Both were also intent on presenting a united front, insisting that they would remain partners, despite earlier differences. It is clear that the event was presented targeting Rajapaksa’s traditional base, the references to his previous administration were hard to miss. The emphasis on patriotism, with Rajapaksa painted as the sole patriotic choice, continues to ignore and digress from the issue of parliament being prorogued. If a citizen is genuinely patriotic they would side with democracy. Parliament, as one of the main branches of power, represents the will of the people and it should not be disregarded for political ends. 

Despite the theatrics of the rally much of the public remains concerned and are unlikely to be impressed with efforts to blur the issue. Painting the changes that took place on 26 October in the same light as what happens after an election is deeply ingenuous and dismissing the strain this has been placed on the Constitution remains unconscionable. It is also unacceptable to criticise the Speaker of parliament who has just cause to call for the House to be reconvened at the earlier.   

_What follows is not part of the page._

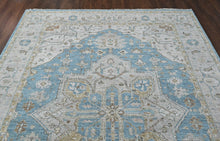 9x12 Aqua, Taupe, Gray Color Hand Knotted Oushak Wool  Oriental Rug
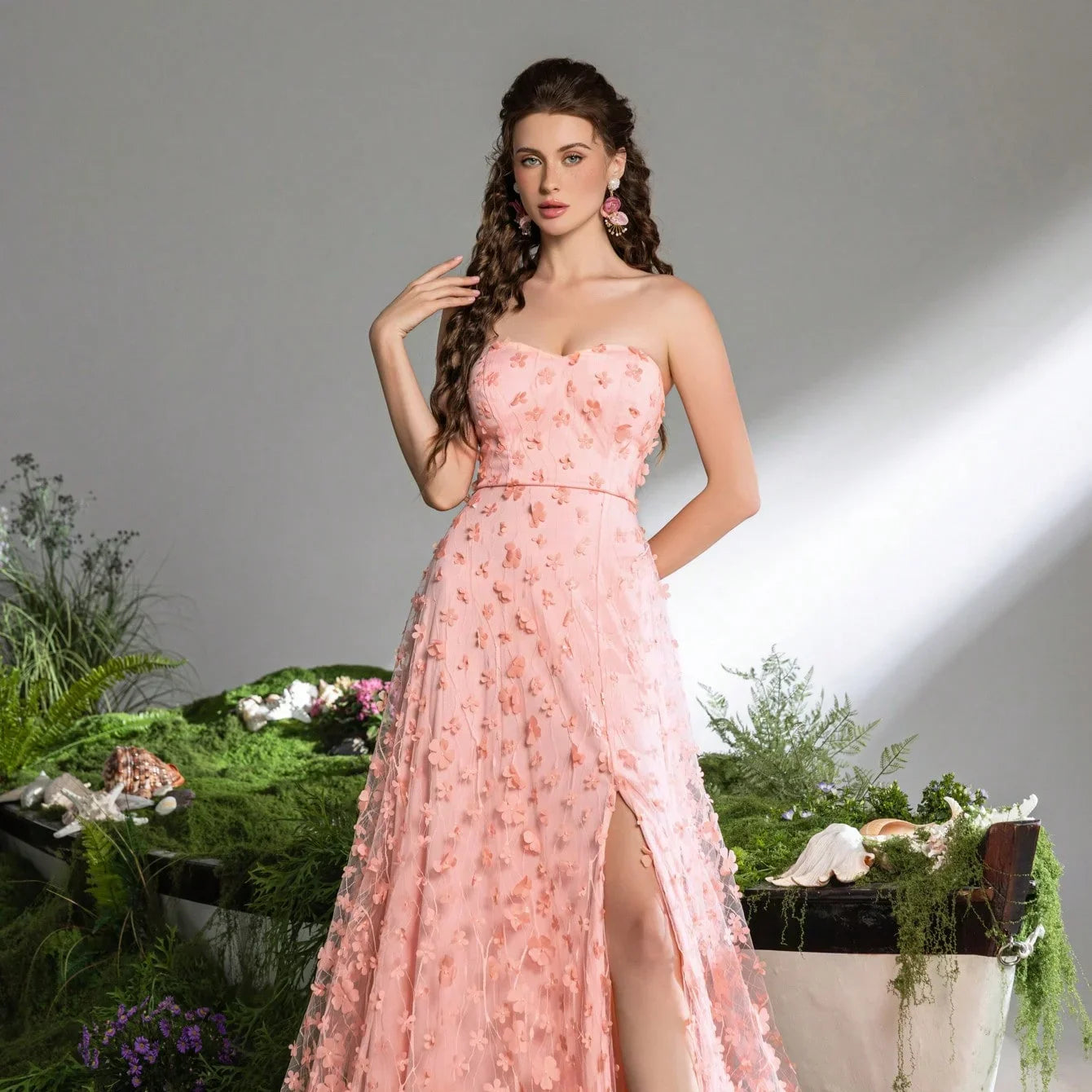 Pink 3D Flower Dubai Off-Shoulder A-Line Evening Dress LA73227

Both leaders have already said they would move to hold provincial elections as soon as possible with general elections likely to follow. However, deflecting attention away from proroguing of parliament by intimating it would be balanced by a fresh opportunity to cast ballots does nothing to protect the mandate given by 2015, which President Sirisena is still responsible for as the term has not come to an end.  

President Sirisena also must understand that as head of State he must speak responsibly and not resort to derogatory remarks that could undermine the values and lives of an entire community. He is still the President of Sri Lanka, which is a far greater responsibility than the narrow confines of a political party or agenda. A president is a politician but he should ideally refrain from falling into populist agendas just to muster votes at an election. It is dispiriting to see someone who pledged to stand for the rights of minorities disregarding the conventions of human decency.      

Deputy Minister of Foreign Employment Manusha Nanayakkara crossing to the UNP after Speaker Karu Jayasuriya’s statement that he does not recognise appointments after 26 October suggests that the numbers game is still on and likely to drag on until the last minute parliament is reconvened on 14 November.